## [Work to complete]
Reproduce exactly the lines from the one containing "124 Meadow Ct - Photo 2 of 18" through the last line of the records below, both included, and nothing else.

══ Data for this exercise ══

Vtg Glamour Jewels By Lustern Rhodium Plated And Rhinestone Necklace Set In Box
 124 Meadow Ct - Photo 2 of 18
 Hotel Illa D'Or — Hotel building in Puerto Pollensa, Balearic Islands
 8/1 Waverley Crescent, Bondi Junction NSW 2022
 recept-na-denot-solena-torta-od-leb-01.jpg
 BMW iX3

═══

## [Answer space]
 124 Meadow Ct - Photo 2 of 18
 Hotel Illa D'Or — Hotel building in Puerto Pollensa, Balearic Islands
 8/1 Waverley Crescent, Bondi Junction NSW 2022
 recept-na-denot-solena-torta-od-leb-01.jpg
 BMW iX3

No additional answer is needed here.